As an analyst, one of the most common questions I hear is ‘how much data do you really need for an analysis’? The answer I always give is – it depends! If you are looking at analysing how someone’s behaviour changes from birth till death, you need data from their entire lifespan. However, in most instances, you are probably only looking at a specific time period in someone’s life. As a result, your data needs are a lot less, both in terms of volume and length of time covered.
The Law of Large Numbers
Lots of data always helps with producing better analysis, there is even a probability law to support this - the Law of Large Numbers. The law states that the more data you have, the more likely it is that the mean will be close to the true expected value.
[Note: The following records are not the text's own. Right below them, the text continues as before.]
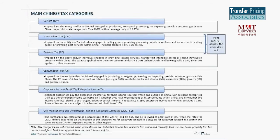The main Chinese tax categories related to these nine selected intercompany transactions are: customs duties, value-added tax, business tax, consumption tax, corporate income tax (or enterprise income tax), and city maintenance and construction tax and education surcharges. Other categories such as individual income tax, resource tax, urban and township tax, and tobacco leaf tax are not covered in today's presentation.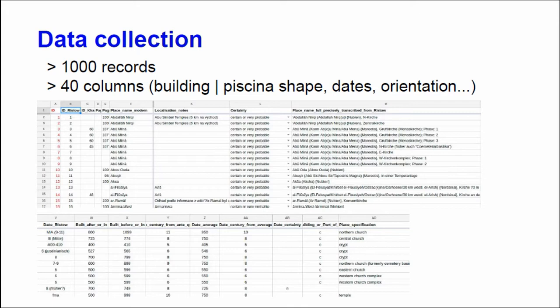In the end we collected around 1,000 records — we think that's a lot of data. It has around 30 to 40 columns covering building shapes, the shape of the piscina, which is a bathing cube inside the building, dates, orientation, and a lot of other categorical and quantitative data. Some fields are not filled because data are missing or the buildings no longer exist.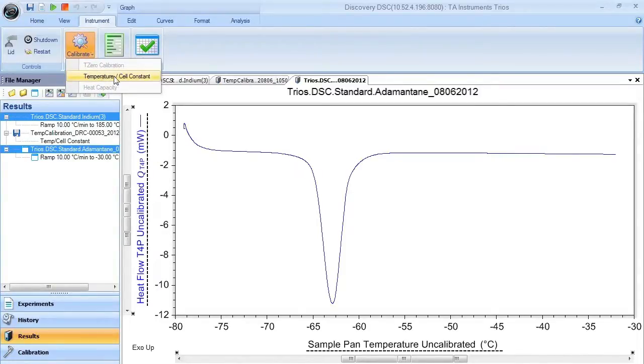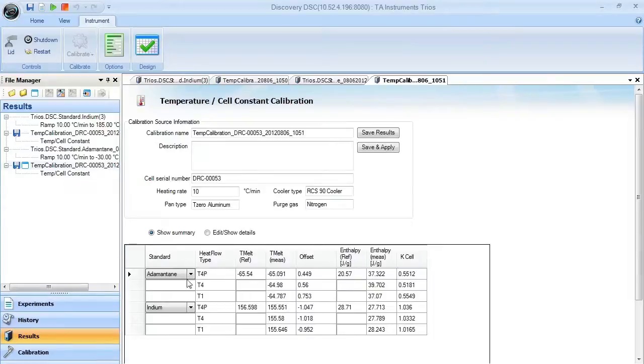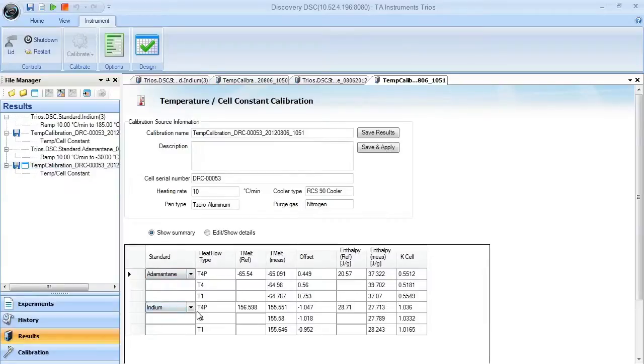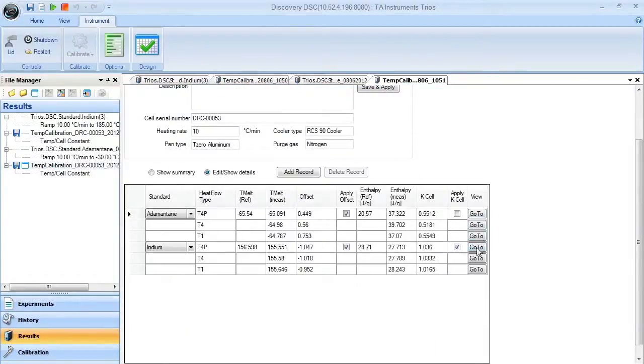You can select temperature cell constant calibration, and you can see you get another analysis menu here, which shows you how the results were analyzed for both adamantine and indium. If you'd like to see the data sets and how the software analyzes these, you just hit Edit Show Details, and you can go to the various items that have been analyzed.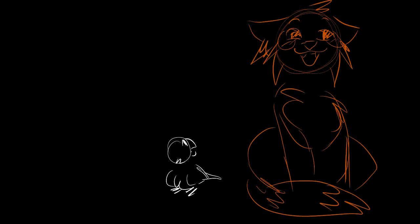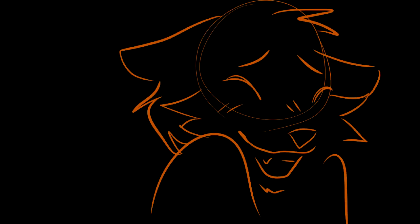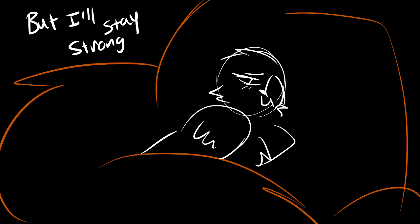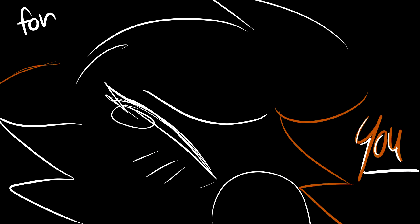Don't know how I'm gonna live without, but I'll stay strong for you.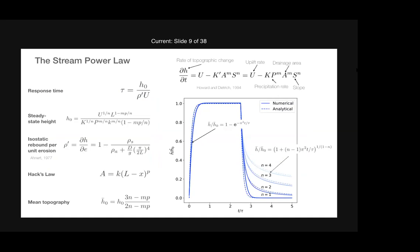One way we model erosion is the stream power law: incision by rivers, where erosion is proportional to drainage area and slope to some power. We've also included precipitation in the coefficient k. I've solved that equation and plotted time versus height: the height grows until reaching steady state, then stops, and when uplift is removed it decays. I've scaled height by the final steady-state height. Using the stream power law, you can determine the theoretical maximum height and extract the response time tau from the equation.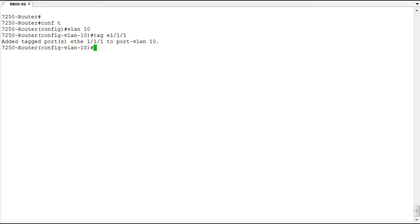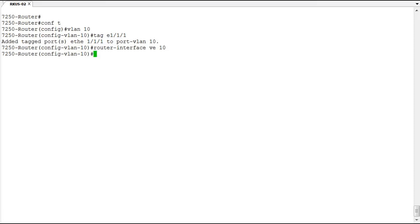Now we need to create the virtual interface, which is done with the router-interface command. I'm going to call it VE 10. You don't have to give the VE the same number as the VLAN, although it is really helpful to do so. When you look at these VEs later, using the same VE number as the VLAN gives you that correlation — you can immediately identify that VE 10 is part of VLAN 10. Otherwise, you'll never really be able to keep track of which VEs are part of which VLAN. So we create interface VE 10.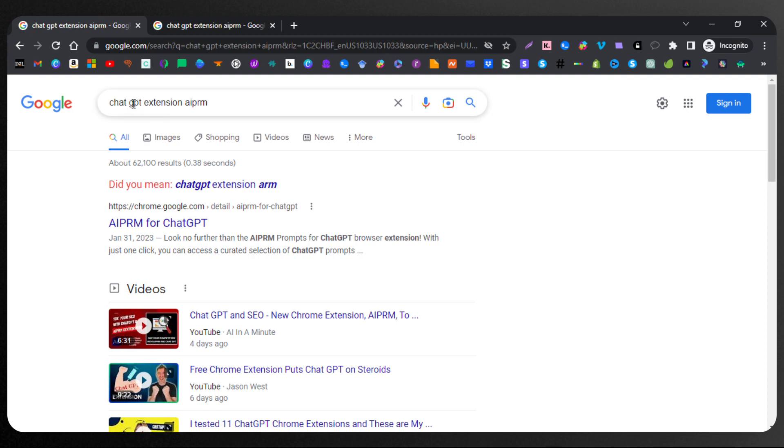You type in ChatGPT extension, AIPRM. Now, you should have it on Google Chrome. I have it on Google Chrome right here.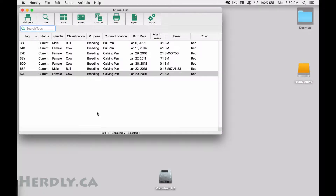Here you will learn how to enter new calves born on your ranch. Make sure you use this action instead of the new animal action for recording calves, since it is designed specifically for this situation. This action can be used on both computers and mobile devices.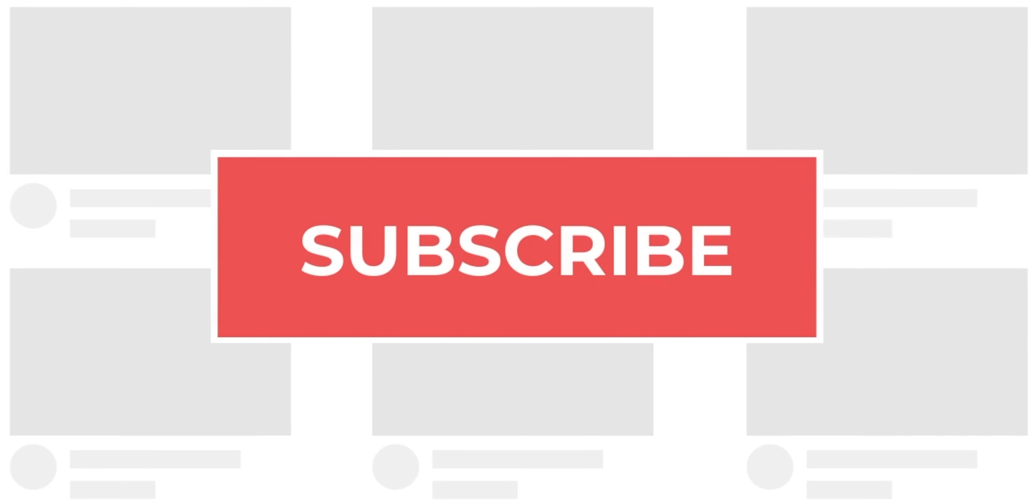Definitely hit that subscribe button if you haven't done so. New videos are out each week, and with that said, I'll catch you in the next one.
So, from this we can deduce that more data will, in general, mean greater accuracy and better insights.
However, even large volumes of data need to be treated with caution. If I told you a data sample size was 2.4 million, you would expect the results of any analysis or survey generated to be accurate. Well, you wouldn’t be alone… that’s what the folks at the Literary Digest thought when they tried to predict the results of the Presidential election fight between Roosevelt and Landon. 57% of their readers picked Landon, but Roosevelt won the election by a landslide. What went wrong?
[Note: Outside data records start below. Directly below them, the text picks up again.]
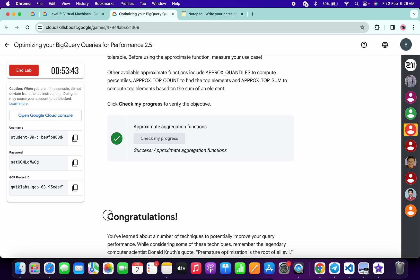And that's the way we have to complete this lab. If you still have any doubts, please do let me know in the comment section. Thanks for watching and have a good day guys.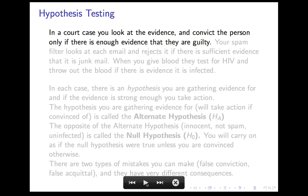I first want to introduce the idea of hypothesis testing. This is a deep situation where you're thinking about evidence and what level of evidence should convince you. This suggests the first of three analogies: a court case. In a court case, you look at the evidence and you convict the person only if there's enough evidence that they're guilty. If there's insufficient evidence either way, or if there's sufficient evidence to convince you they're innocent, then you do not convict.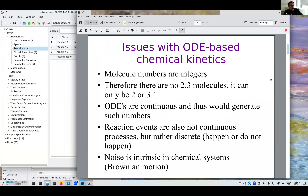Basically, why do we do stochastic simulation? The first issue is that if you go down to really looking at molecules, differential equations are not very appropriate because they are continuous functions, so they would give you results such as 2.3 molecules — and that cannot happen. It's either two or three molecules; it cannot be 2.3. So ODEs have a problem representing that.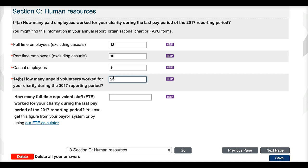The second part of question 14b asks you how many full-time equivalent staff — that's FTE staff — worked for your charity during the last pay period of the 2017 reporting period. This is the number of full-time employees that your charity would have if it combined the hours of full-time, part-time and casual employees.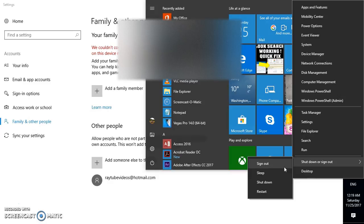If none of these steps work, the next best option is to go ahead and do a repair install of your Windows. I hope this video is helpful. If you like this video, please hit the like button and don't forget to subscribe to my channel. Let me know in the comments if these steps worked for you. Thank you for watching, have a great day.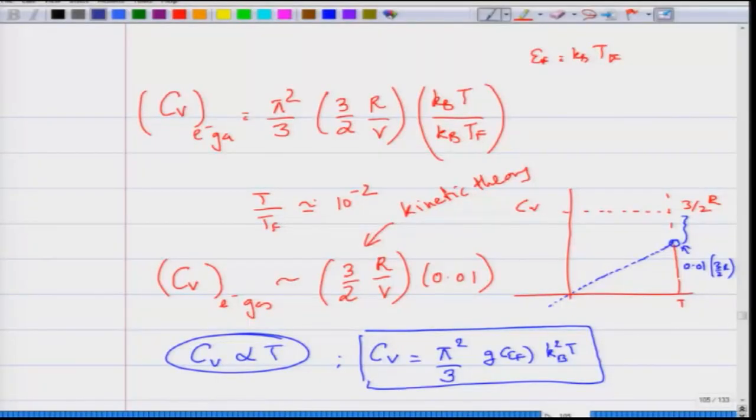In the last lectures, we saw that we could calculate the specific heat of the electron gas in a solid using the Sommerfeld theory. From that we found that the specific heat of the electron gas is proportional to temperature, where the constants of proportionality are related to the density of states at the Fermi level, because those are the electrons which contribute to excitations when you apply a temperature and will contribute to the specific heat.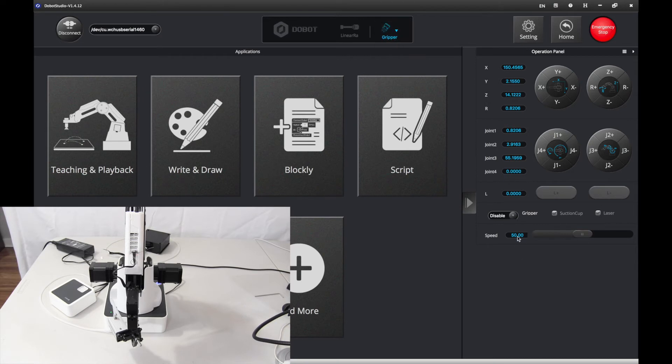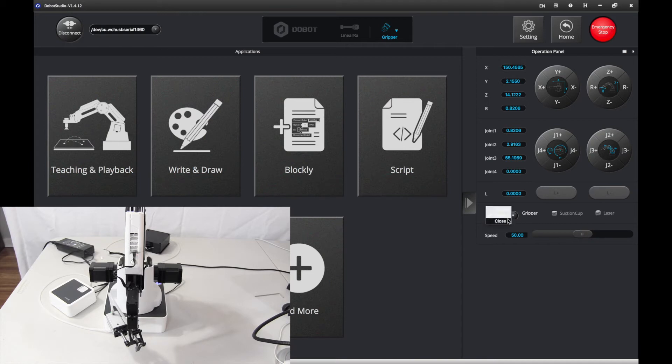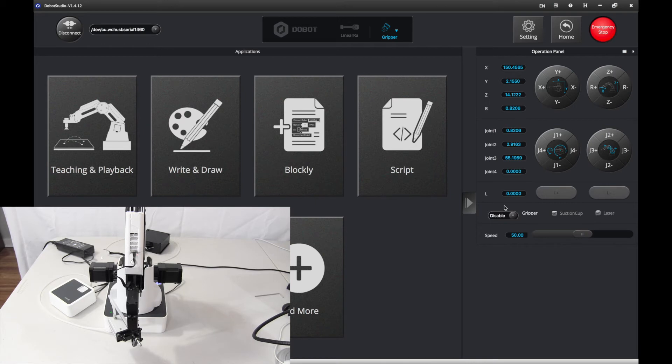Now, let's try opening it. There we go. That gripper opens. And let's try closing it. And disable just closes it all. That's working. That's good.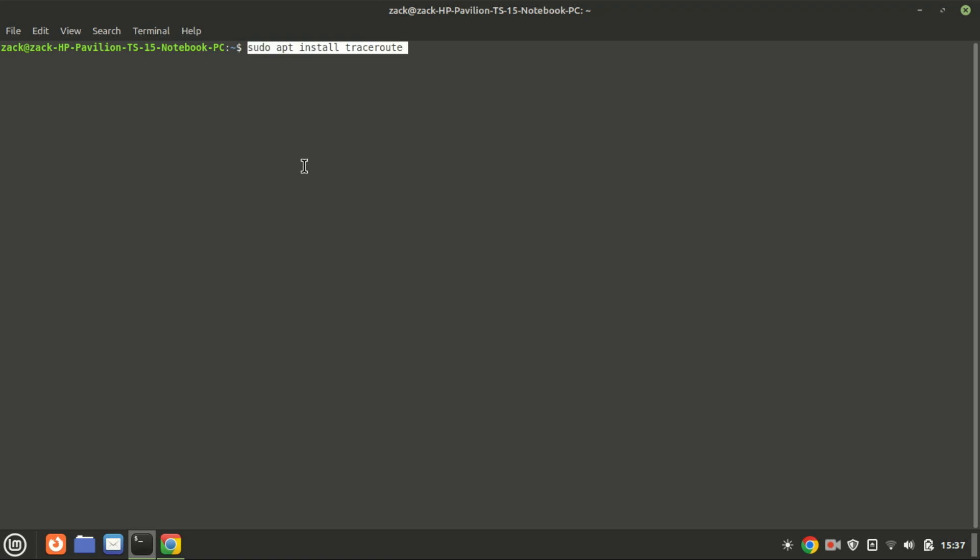I myself am on a Linux Mint machine, which is a Debian-based machine. I will use this command. You can use the same command on an Ubuntu machine.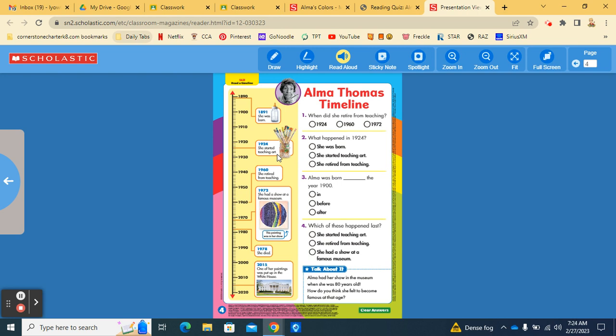In 1960, she retired from teaching. In 1972, she had a show at a famous museum. And this painting was in her show. In 1978, she died. And then in 2015, one of her paintings was actually put up in the White House.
Big Data Doesn’t Mean Accurate Data
What went wrong was that even large data samples aren’t immune to having a lot of noise. They can also have bias depending on how the data is collected. Even within your organisation, if you have had a shift in strategy – from pushing a specific product to ensuring guest bookings are made earlier, your data could be impacted. Wider economic conditions like a recession will also have an indirect impact on your dataset, affecting the spending power of your customer base.
In the Roosevelt versus Landon survey, the Digest asked their reader base (upper middle class Americans) to mail in responses. This effectively alienated anyone from other socio-economic backgrounds and these were the people largely responsible for making Roosevelt President.
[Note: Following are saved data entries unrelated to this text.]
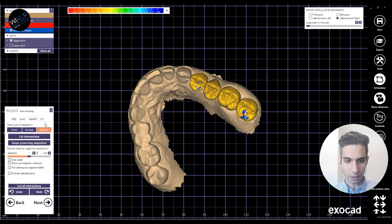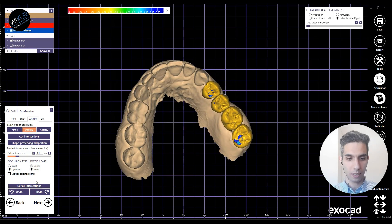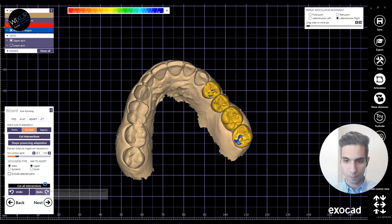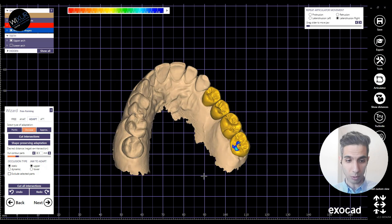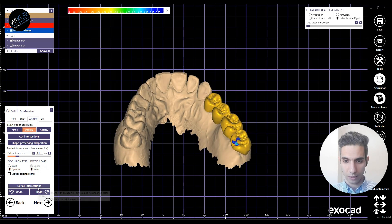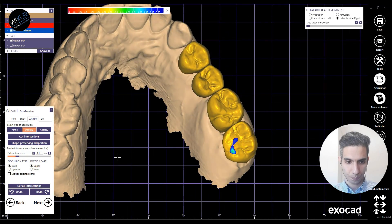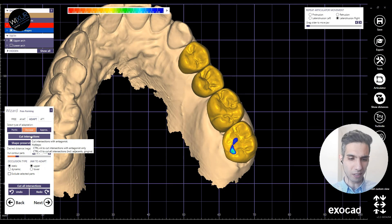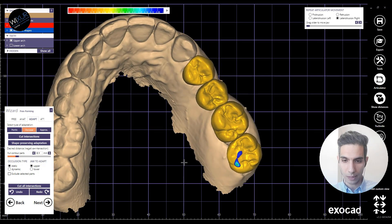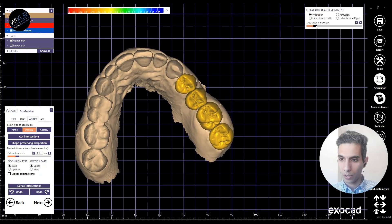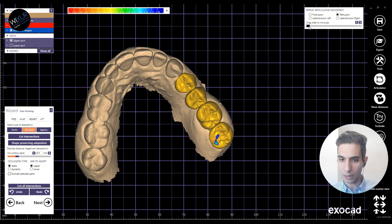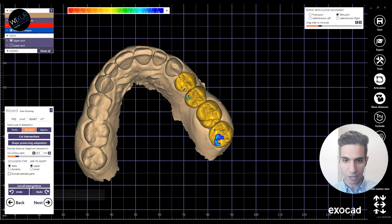Now in the adaptation tab we have an extra option: dynamic adaptation — dynamic occlusion check with the upper jaw. Let's do some intersection cuts. In the second molar I can see that for the lingual cusp I can't go further — this is the minimum thickness. I assigned the minimum thickness in DentalDB at 0.5mm, so that's a reasonable limit. During the retrusion movement I see some cusps with intersections, and I'll remove them with the 'cut all intersections' button in the adaptation window in free-forming.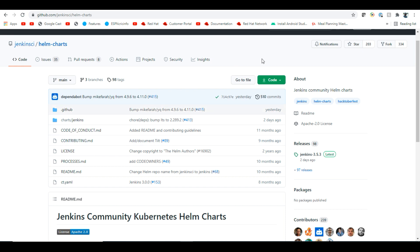We have already done four parts, so this is the fifth part on how to set up Jenkins on Kubernetes. We are talking mostly about administration - setup, installation, master-master, and we've seen how to do backup and restore. Now we'll see how to deploy Jenkins on Kubernetes using Helm charts.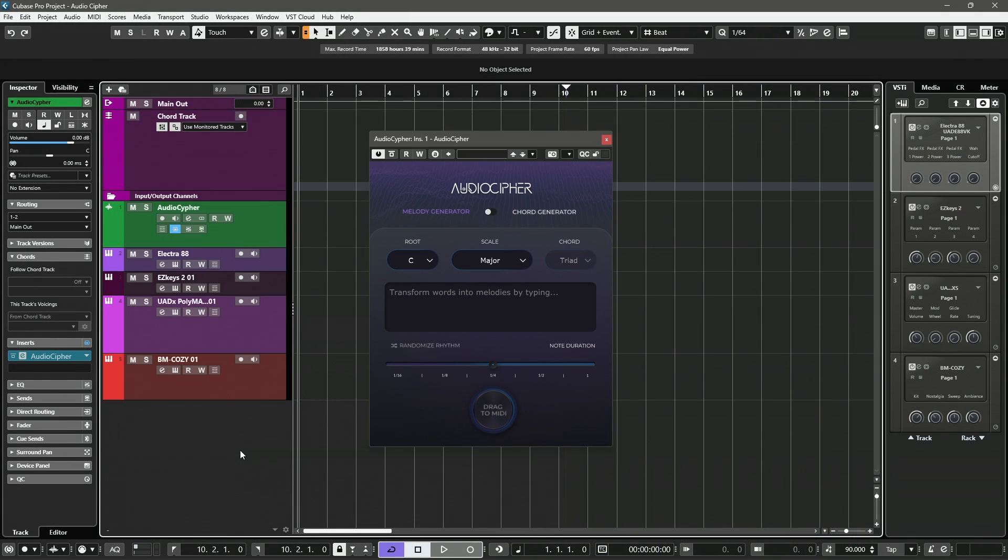Hello everybody, this is Jerry Mateo with Unadaw, welcome back to another video. Today we're going to be taking a look at AudioCypher version 3. This is a text to MIDI generator.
So How Do We Generalise Data Requirements?
Well, firstly make sure you have enough data to cover any seasonal differences. Ideally, that seasonality shouldn’t just extend to Christmas and your annual sales, but also cover at least one economic boom and bust cycle.
There are a number of mathematical cycles which dictate the length of time covered in a boom and bust cycle. The one most applicable to Retail or B2C businesses is the Kitchin cycle, discovered in the 1920’s, this is a short economic cycle covering a period of around 40 months.
What About Small Data Sets?
But don’t fret, having a smaller set of data does not mean you cannot gain any insight from what is at hand. If you are a new organisation, you could use the data you have to identify where your current, most valuable customers are coming from. Irrespective of the volume of data, simple database overviews would give you a wealth of information on your customers.
Having said this, any insight stemming from small volumes of data will need to be treated with caution. Analysis should include rigorous statistical testing to ensure outputs are valid. Analytical projects should have a refresh built into the scope to ensure that all outputs can be refreshed and refined as you obtain more data.
Any Data is Good Data
The long and short of it is you need to have data for analysis. You can make something out of any volume. Shortcomings in any which way or form can be considered and accounted for during the course of an analytical project.
It is what you do with what you have that matters!